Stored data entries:

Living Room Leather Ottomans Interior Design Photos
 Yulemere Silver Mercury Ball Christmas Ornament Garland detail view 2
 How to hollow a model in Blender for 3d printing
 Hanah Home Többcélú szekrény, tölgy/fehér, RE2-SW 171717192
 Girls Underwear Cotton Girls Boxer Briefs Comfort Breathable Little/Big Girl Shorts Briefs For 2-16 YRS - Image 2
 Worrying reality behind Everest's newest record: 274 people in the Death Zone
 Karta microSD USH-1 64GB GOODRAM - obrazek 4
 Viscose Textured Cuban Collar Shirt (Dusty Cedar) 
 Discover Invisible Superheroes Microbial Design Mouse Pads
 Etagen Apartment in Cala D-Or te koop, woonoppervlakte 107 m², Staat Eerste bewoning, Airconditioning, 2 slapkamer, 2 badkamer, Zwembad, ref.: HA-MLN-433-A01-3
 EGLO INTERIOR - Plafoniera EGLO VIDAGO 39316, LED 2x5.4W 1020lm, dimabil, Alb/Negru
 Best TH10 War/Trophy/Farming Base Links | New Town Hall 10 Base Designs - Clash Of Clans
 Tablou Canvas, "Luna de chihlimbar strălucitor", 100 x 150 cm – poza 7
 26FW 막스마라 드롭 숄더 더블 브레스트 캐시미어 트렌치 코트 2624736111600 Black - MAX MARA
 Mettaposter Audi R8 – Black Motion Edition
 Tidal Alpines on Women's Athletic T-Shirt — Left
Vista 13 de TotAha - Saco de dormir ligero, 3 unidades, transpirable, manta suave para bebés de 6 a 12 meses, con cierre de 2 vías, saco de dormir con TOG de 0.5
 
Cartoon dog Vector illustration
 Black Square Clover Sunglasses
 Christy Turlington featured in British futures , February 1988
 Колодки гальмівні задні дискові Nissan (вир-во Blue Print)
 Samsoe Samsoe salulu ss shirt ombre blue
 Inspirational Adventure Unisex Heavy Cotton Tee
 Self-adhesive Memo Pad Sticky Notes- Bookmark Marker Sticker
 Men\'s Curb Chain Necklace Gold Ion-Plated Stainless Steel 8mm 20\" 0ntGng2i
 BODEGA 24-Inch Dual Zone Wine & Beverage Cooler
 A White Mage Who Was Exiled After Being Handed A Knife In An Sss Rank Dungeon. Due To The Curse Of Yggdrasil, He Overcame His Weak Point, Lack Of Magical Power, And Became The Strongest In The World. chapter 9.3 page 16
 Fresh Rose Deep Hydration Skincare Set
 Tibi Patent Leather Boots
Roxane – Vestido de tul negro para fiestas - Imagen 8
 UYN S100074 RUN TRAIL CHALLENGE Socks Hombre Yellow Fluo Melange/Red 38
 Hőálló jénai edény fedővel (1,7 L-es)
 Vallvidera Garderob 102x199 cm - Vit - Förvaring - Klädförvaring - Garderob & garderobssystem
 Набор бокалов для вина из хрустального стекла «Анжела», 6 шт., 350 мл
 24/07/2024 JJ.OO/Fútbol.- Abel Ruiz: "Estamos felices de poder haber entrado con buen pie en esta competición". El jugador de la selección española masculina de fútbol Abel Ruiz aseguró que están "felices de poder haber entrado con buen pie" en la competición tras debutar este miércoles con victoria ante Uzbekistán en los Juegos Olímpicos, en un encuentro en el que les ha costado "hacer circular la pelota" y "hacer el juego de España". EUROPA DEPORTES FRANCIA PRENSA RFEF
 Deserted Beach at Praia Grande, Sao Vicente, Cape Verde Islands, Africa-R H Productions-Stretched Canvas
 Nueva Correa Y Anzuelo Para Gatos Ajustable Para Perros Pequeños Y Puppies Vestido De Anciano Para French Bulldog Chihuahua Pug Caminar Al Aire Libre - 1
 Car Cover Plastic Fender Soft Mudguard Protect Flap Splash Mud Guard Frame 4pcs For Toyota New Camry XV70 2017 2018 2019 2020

> [Task to carry out] Would you please write the entries out again in full, exactly as given?

> [Task output]
Living Room Leather Ottomans Interior Design Photos
 Yulemere Silver Mercury Ball Christmas Ornament Garland detail view 2
 How to hollow a model in Blender for 3d printing
 Hanah Home Többcélú szekrény, tölgy/fehér, RE2-SW 171717192
 Girls Underwear Cotton Girls Boxer Briefs Comfort Breathable Little/Big Girl Shorts Briefs For 2-16 YRS - Image 2
 Worrying reality behind Everest's newest record: 274 people in the Death Zone
 Karta microSD USH-1 64GB GOODRAM - obrazek 4
 Viscose Textured Cuban Collar Shirt (Dusty Cedar) 
 Discover Invisible Superheroes Microbial Design Mouse Pads
 Etagen Apartment in Cala D-Or te koop, woonoppervlakte 107 m², Staat Eerste bewoning, Airconditioning, 2 slapkamer, 2 badkamer, Zwembad, ref.: HA-MLN-433-A01-3
 EGLO INTERIOR - Plafoniera EGLO VIDAGO 39316, LED 2x5.4W 1020lm, dimabil, Alb/Negru
 Best TH10 War/Trophy/Farming Base Links | New Town Hall 10 Base Designs - Clash Of Clans
 Tablou Canvas, "Luna de chihlimbar strălucitor", 100 x 150 cm – poza 7
 26FW 막스마라 드롭 숄더 더블 브레스트 캐시미어 트렌치 코트 2624736111600 Black - MAX MARA
 Mettaposter Audi R8 – Black Motion Edition
 Tidal Alpines on Women's Athletic T-Shirt — Left
Vista 13 de TotAha - Saco de dormir ligero, 3 unidades, transpirable, manta suave para bebés de 6 a 12 meses, con cierre de 2 vías, saco de dormir con TOG de 0.5
 
Cartoon dog Vector illustration
 Black Square Clover Sunglasses
 Christy Turlington featured in British futures , February 1988
 Колодки гальмівні задні дискові Nissan (вир-во Blue Print)
 Samsoe Samsoe salulu ss shirt ombre blue
 Inspirational Adventure Unisex Heavy Cotton Tee
 Self-adhesive Memo Pad Sticky Notes- Bookmark Marker Sticker
 Men\'s Curb Chain Necklace Gold Ion-Plated Stainless Steel 8mm 20\" 0ntGng2i
 BODEGA 24-Inch Dual Zone Wine & Beverage Cooler
 A White Mage Who Was Exiled After Being Handed A Knife In An Sss Rank Dungeon. Due To The Curse Of Yggdrasil, He Overcame His Weak Point, Lack Of Magical Power, And Became The Strongest In The World. chapter 9.3 page 16
 Fresh Rose Deep Hydration Skincare Set
 Tibi Patent Leather Boots
Roxane – Vestido de tul negro para fiestas - Imagen 8
 UYN S100074 RUN TRAIL CHALLENGE Socks Hombre Yellow Fluo Melange/Red 38
 Hőálló jénai edény fedővel (1,7 L-es)
 Vallvidera Garderob 102x199 cm - Vit - Förvaring - Klädförvaring - Garderob & garderobssystem
 Набор бокалов для вина из хрустального стекла «Анжела», 6 шт., 350 мл
 24/07/2024 JJ.OO/Fútbol.- Abel Ruiz: "Estamos felices de poder haber entrado con buen pie en esta competición". El jugador de la selección española masculina de fútbol Abel Ruiz aseguró que están "felices de poder haber entrado con buen pie" en la competición tras debutar este miércoles con victoria ante Uzbekistán en los Juegos Olímpicos, en un encuentro en el que les ha costado "hacer circular la pelota" y "hacer el juego de España". EUROPA DEPORTES FRANCIA PRENSA RFEF
 Deserted Beach at Praia Grande, Sao Vicente, Cape Verde Islands, Africa-R H Productions-Stretched Canvas
 Nueva Correa Y Anzuelo Para Gatos Ajustable Para Perros Pequeños Y Puppies Vestido De Anciano Para French Bulldog Chihuahua Pug Caminar Al Aire Libre - 1
 Car Cover Plastic Fender Soft Mudguard Protect Flap Splash Mud Guard Frame 4pcs For Toyota New Camry XV70 2017 2018 2019 2020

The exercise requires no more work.